Thing is, WoW was always supposed to be accessible to the average player. Not sure how many of you came from Everquest, but I heard the same things said about Vanilla WoW as you are saying about the current expansions.

WoW was less of an exp grind than Everquest, you did’t need a separate website to help walk you through the conversation needed to start a quest, just click the person with the exclamation mark. You could not accidentally attack friendly guards. You could play solo with every class and not need a full group, or even a group at all. While not always the best, trash mobs you were fighting had a chance to drop equipment that was actually level appropriate. You might even get a blue drop on occasion. You could buy back items from vendors if you accidentally sold the wrong item, instead of trying to buy out the entire inventory of the vendor in hopes your item actually was added to their list of items but was just not showing up. You could SEE in a cave/dungeon if you were human and didn’t have a light source. Levels took hours, not days or even weeks of work. Death was some money lost, not 4 hours of xp grinding lost even if you got a 96% rez. You could not lose a level if you did die. The list just keeps going on.

Yes, WoW has dumbed things down a bit, but it was always in line with their original, SUCCESSFUL, philosophy of providing a game that was easy and fun to play, provided for groups but made the majority of the game solo friendly, and provide ways for the majority of players to see most of the content instead of having the content only accessible to a small group of people that could actively work to block others out of content.
True that. They made a very accessible and enjoyable game! I tried EQ at a friends, lasted about 10 minutes before I got killed and my friend kicked me out for being an idiot, I think. Anyways, it wasn't something that grabbed me the first moment I saw it. WoW was instant love, because it was so accesible, and because I played warcraft and diablo a lot, it was familiar. If you played diablo 1 and 2, most of the stuff like talent tree, inventory and such would be familiar. If you played warcraft, ofc the art, like buildings and characters would suck you in. These small things helped a lot. Also the graphics were kinda nice for that time (although I didn't like it, took some time to get used to the drawn style).
Then after WotLK, the "make it accessible" part got out of hand.

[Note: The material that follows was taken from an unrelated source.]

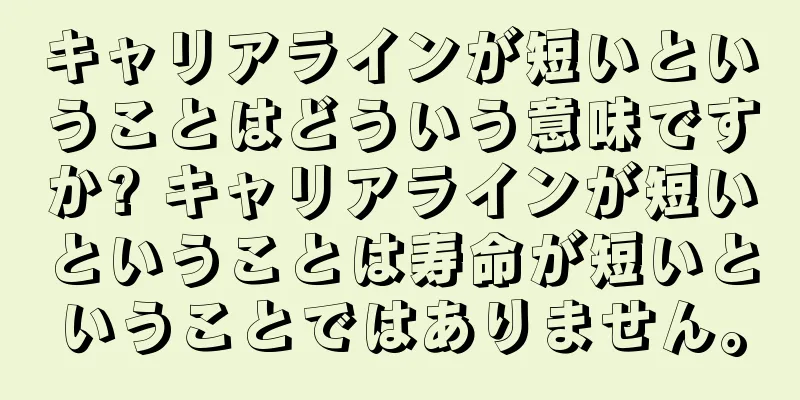 キャリアラインが短いということはどういう意味ですか? キャリアラインが短いということは寿命が短いということではありません。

edit: @makute Thanks for the tip, I'll check it out!

I think everyone misses something different from WoW.
For me what ruined the experience is the total "optimisation" and "streamlining" of gameplay, to make it even more accessible. Nothing matters along the way, only the endgame, which let's be honest, is kinda lame and flat by now, unless you are in a world first guild and do nothing else with your life.
- now you only get loot that is useful to you, your alt, or as an AH sale, thus no RP or lore items really. There were a ton of greys with fun little texts and I loved reading them all. It was good world building. Now it's more "streamlined" which in my case translates to "flat and boring"

- you can't mix talents and make a unique but otherwise useless build. I could mix and match tank, healer, and dps skills on my pala, and it made me kinda useless in pure dps, but I could fill any role for a few seconds, and was a unique and fun experience. I was doing it wrong ofc, but still, it was my paladin, not the mandatory cookie-cutter build you must have now.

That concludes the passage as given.